Fabio Maltesi, papà della 26enne Carol uccisa in modo atroce e trovata a Borno, lancia un appello per l'ultimo saluto alla sua adorata figlia, madre di un bimbo di 6 anni.
Carol Maltesi in arte Charlotte Angie uccisa e fatta a pezzi: l'agghiacciante confessione del presunto killer

Fabio Maltesi, papà della giovane Carol Maltesi, lancia un appello con una raccolta fondi per l’ultimo saluto alla figlia, uccisa a 26 anni e trovata in condizioni terribili a Borno, il corpo fatto a pezzi e nascosto in alcuni sacchi gettati in un dirupo. Le sue parole per il funerale.

Carol Maltesi, l’appello del padre per l’ultimo saluto: una raccolta fondi per il funerale

Carissimi amici di Carol Angie Deborah Maltesi, stiamo per fare una raccolta fondi cosi da aiutare lei e la sua mamma“. Inizia così il post di Fabio Maltesi, padre di Carol Maltesi, su Facebook, un appello che annuncia una raccolta fondi per “fare in modo che abbia un funerale dignitoso“.

Anche una minima donazione – ha aggiunto – avrebbe tanto valore simbolico per noi“.

Sono queste le sue parole dopo la tragedia che ha travolto la famiglia con l’atroce scoperta dell’omicidio della 26enne. Pochi giorni fa, sempre via social, il genitore si era scagliato contro l’uomo ritenuto autore dell’efferato delitto, Davide Fontana, 43enne reo confesso attualmente in carcere.

Carol Maltesi: la ricostruzione dell’omicidio

La morte di Carol Maltesi ha sconvolto le cronache. Un omicidio su cui sono ancora in corso le indagini ma che, all’esito di quanto finora raccolto dagli inquirenti, porterebbe la firma del 43enne vicino di casa arrestato e accusato di averla uccisa brutalmente per poi fare a pezzi il cadavere e gettarlo in un dirupo a Borno, nel Bresciano.

Per mesi l’uomo avrebbe usato il telefono della vittima, fingendosi lei nelle interazioni via sms con chi cercava di contattarla, padre compreso.
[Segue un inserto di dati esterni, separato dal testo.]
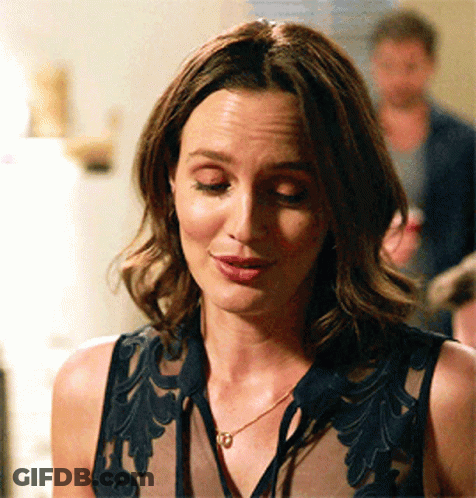 Woman In Black Top And Gold Necklace GIF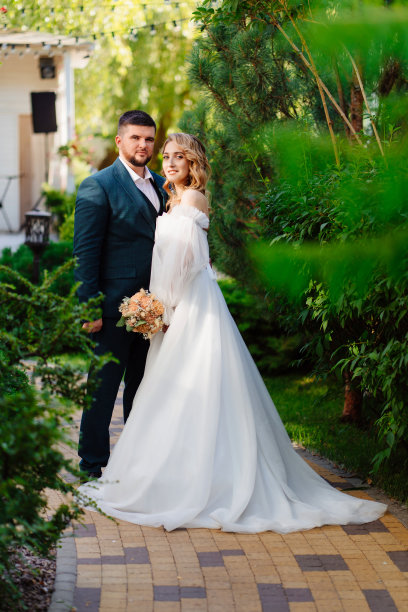 美丽而时尚的新娘和新郎在公园的小路上。图片下载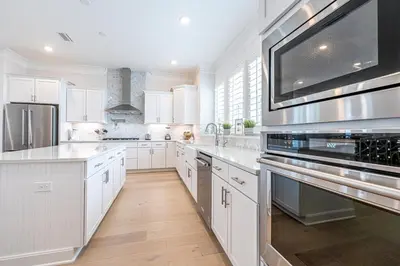 a kitchen with white cabinets and stainless steel appliances at Happily Eva After at Prominence 30A in Inlet Beach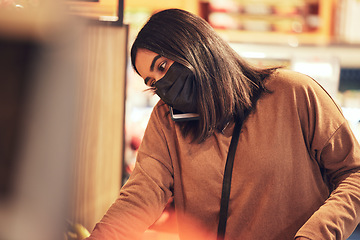 Image showing What are you craving for dinner. a young woman making a phone call while doing her grocery shop.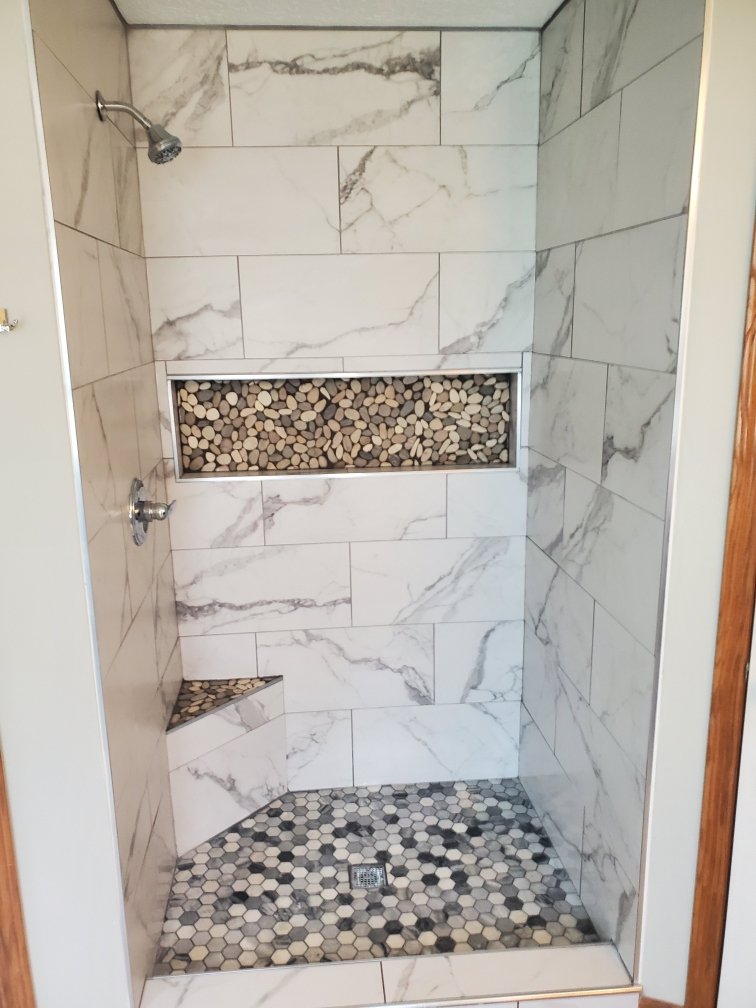 Custom marble tile shower with river rock accent niche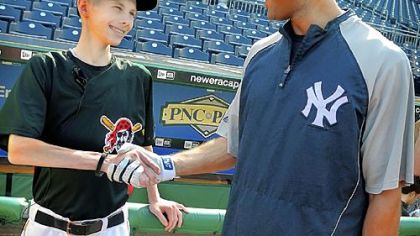 John Challis meets one of his baseball heroes, Yankee shortstop Derek Jeter, at PNC Park in June.
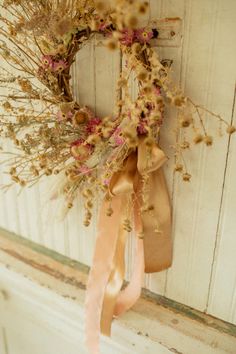 a wreath hanging on the side of a door with flowers and ribbons attached to it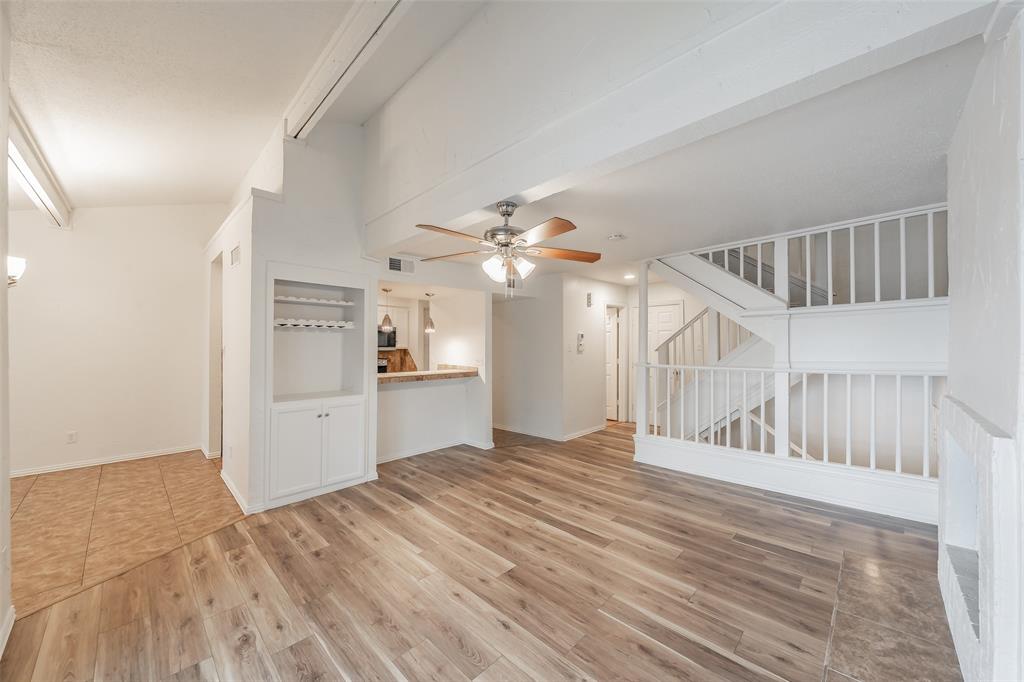 9999 Boat Club Road, Unit 311 Fort Worth, TX 76179 - Photo 19 of 25 a view of a kitchen with wooden floor and a ceiling fan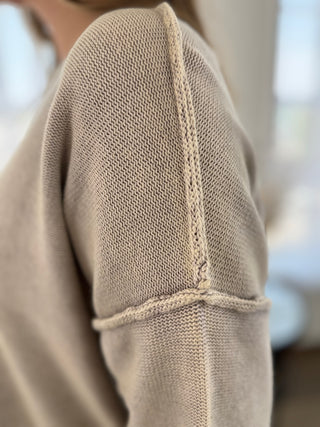 Close-up of a person wearing a beige knit sweater, showing the shoulder seam and sleeve construction with soft, natural lighting.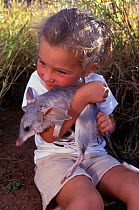 Girl cuddling a Bilby (Macrotis lagotis) at the Conservation Commission, Alice Springs, Northern Territory, Australia, May 1995, captive, vulnerable species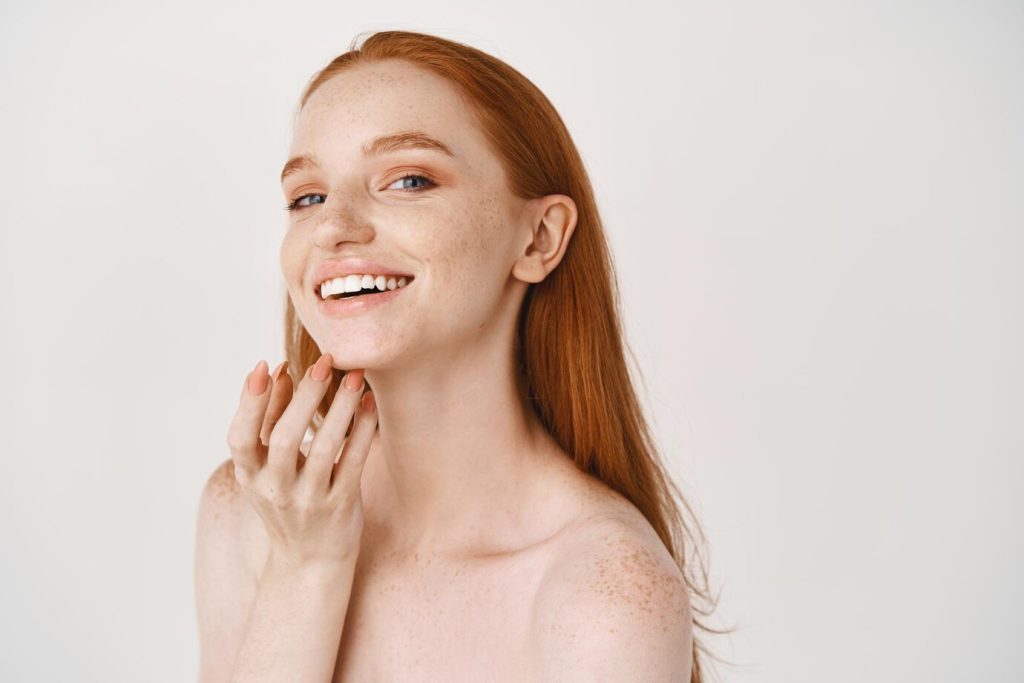 close-up-smiling-redhead-woman-with-pale-skin-freckles-touching-soft-perfect-face-using-skincare-cream-standing-white-wall_176420-42743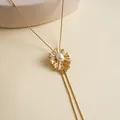 Dettaglio di un ciondolo vintage placcato oro 18k con perla centrale a raggiera - Collana / Oro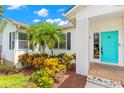 Close up of home's entrance highlighting the turquoise door, surrounding plants and brick pillar at 859 Harbor Hill Dr, Safety Harbor, FL 34695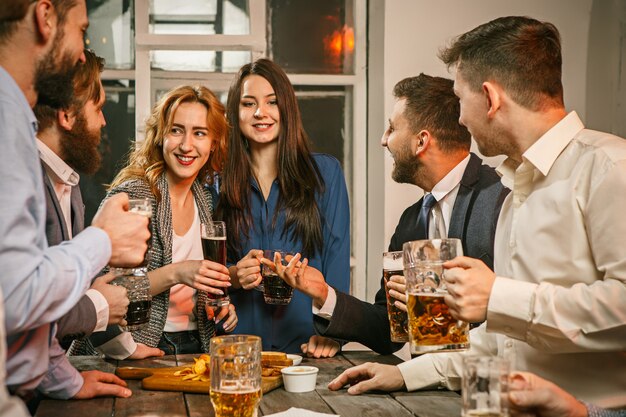 Group of friends enjoying evening drinks with beer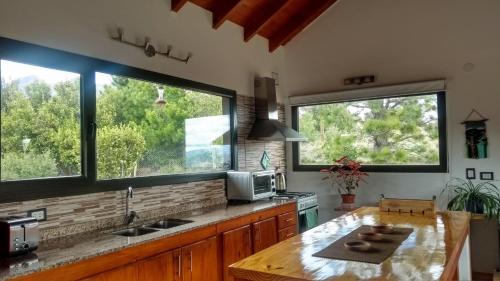 a kitchen with two large windows and a counter top at La Casa del Viento in San Martín de los Andes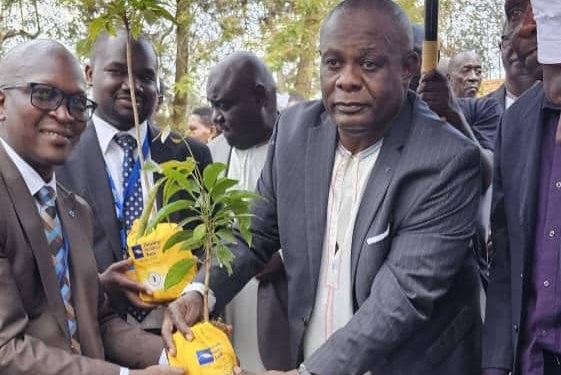 A-team-from-Housing-Finance-Bank-plants-a-tree-with-His-Highness-the-King-of-Kooki-Kingdom-Apollo-Ssansa-Kabumbuli-II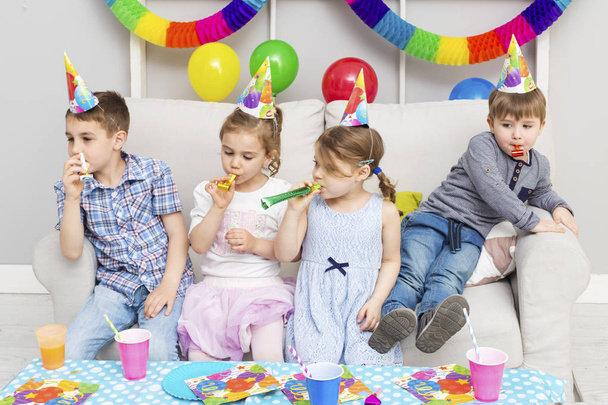 children having fun at birthday party - Фото, изображение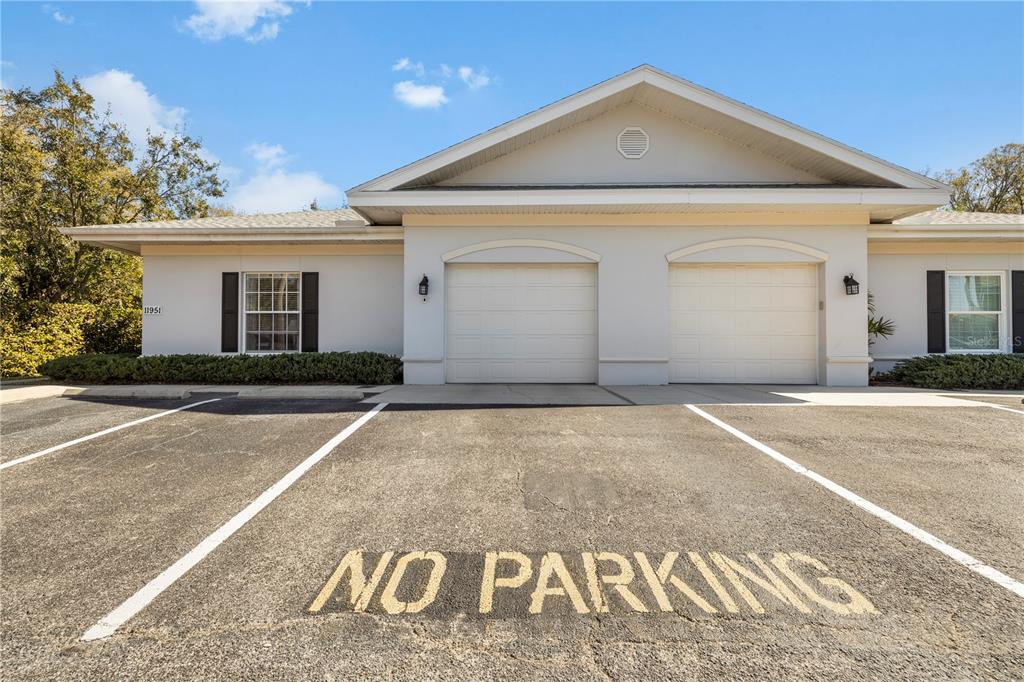 11951 Sheldon Road Tampa, FL 33626 - Photo 2 of 51 a front view of a house with a yard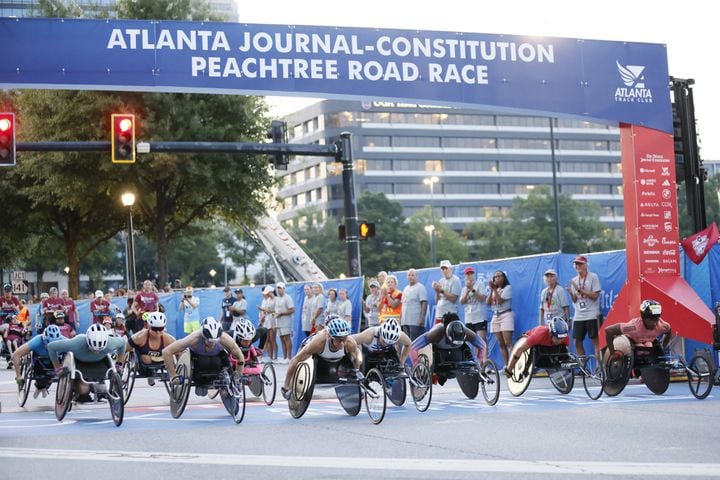 Women’s wheelchair racers take off at the start of the 55th running of the Atlanta Journal-Constitution Peachtree Road Race in Atlanta on Thursday, July 4, 2024.   (Miguel Martinez / Miguel Martinez / AJC)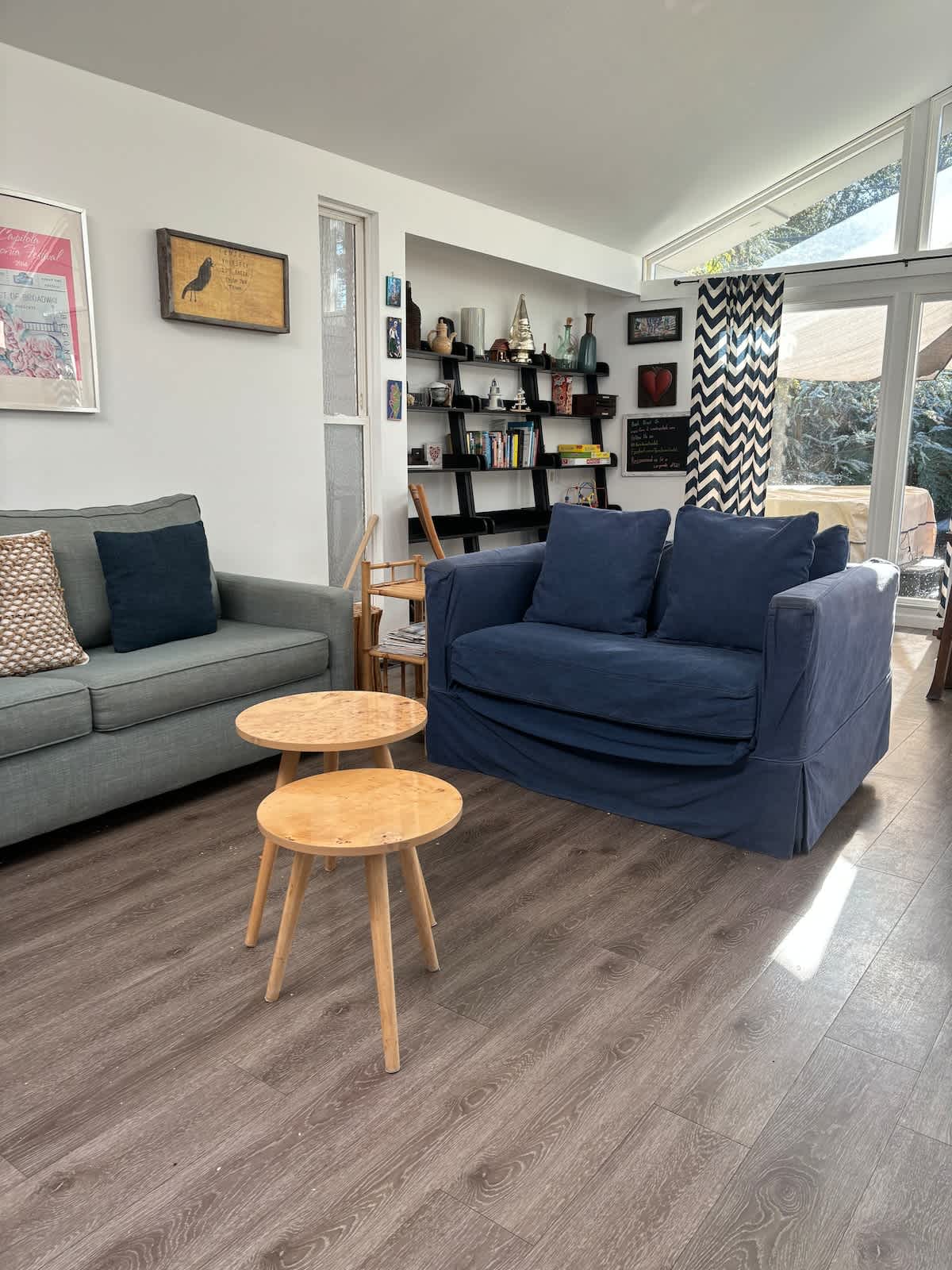 Bright living room with coastal décor, curated bookshelves, and cozy seating. Perfect for families to gather, couples to relax, or business travelers to recharge in style.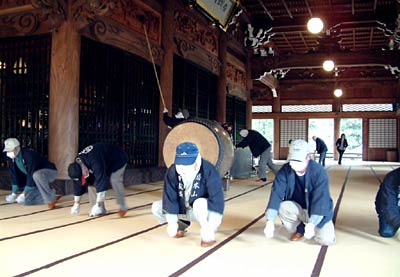 28日、本成寺で行われたすす払いで本堂の畳をタケの棒でたたく門前信徒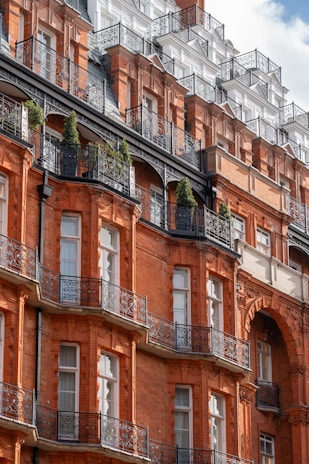 A grand architectural facade featuring ornate wrought iron balconies and deep red brickwork. The building showcases multiple stories with numerous windows, adorned with intricate detailing. Some greenery is visible on the balconies, adding a touch of nature to the urban setting.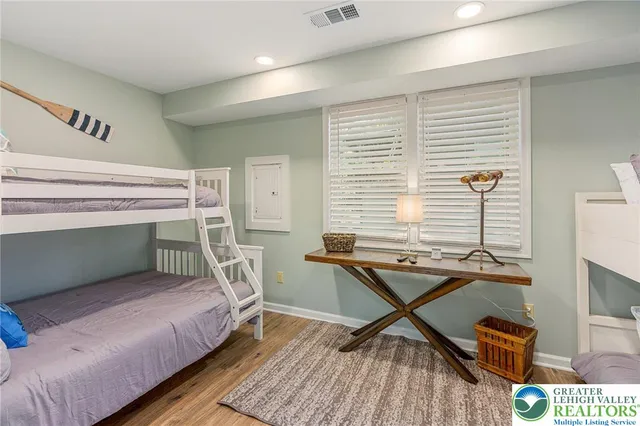 a room with a table and chairs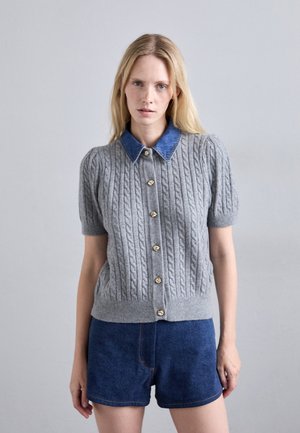 Gray knit cardigan with cable pattern, short sleeves, and denim collar. Features gold buttons and fitted waist. Worn with denim shorts.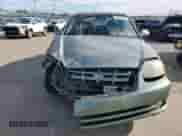 2003 Hyundai Accent GL z VIN KMHCG35CX3U242820, wystawiony jako Copart lot #45971325 z przebiegiem 132 192 mil mil oraz Szkoda całkowita • Salvage title. Historia ofert i sprzedaży dostępna na DreamBid. Obrazek 5.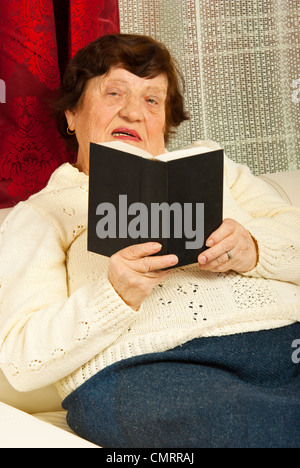 Ältere Frau sitzen auf der Couch und Lesebuch in ihrem Haus Stockfoto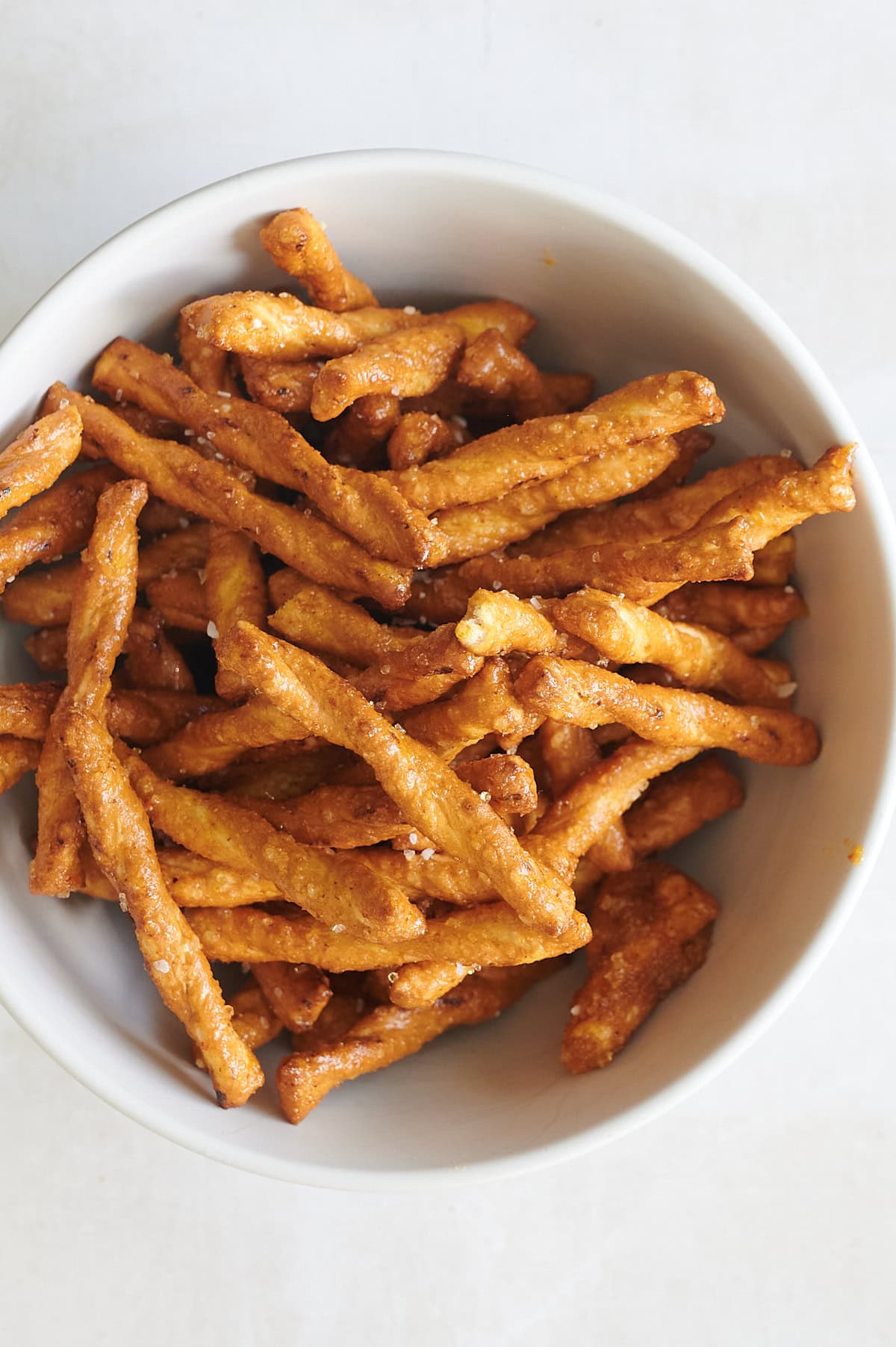 white bowl of honey mustard butter braid pretzels on a white background.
Una mossa che avrebbe diluito i tempi tra l’omicidio e la scoperta dell’orrore, avvenuta il 21 marzo scorso dopo l’allarme lanciato da un passante davanti a quei sacchi abbandonati. Davide Fontana avrebbe poi confessato, spalancando la finestra su una agghiacciante storia su cui le indagini sono tuttora in corso.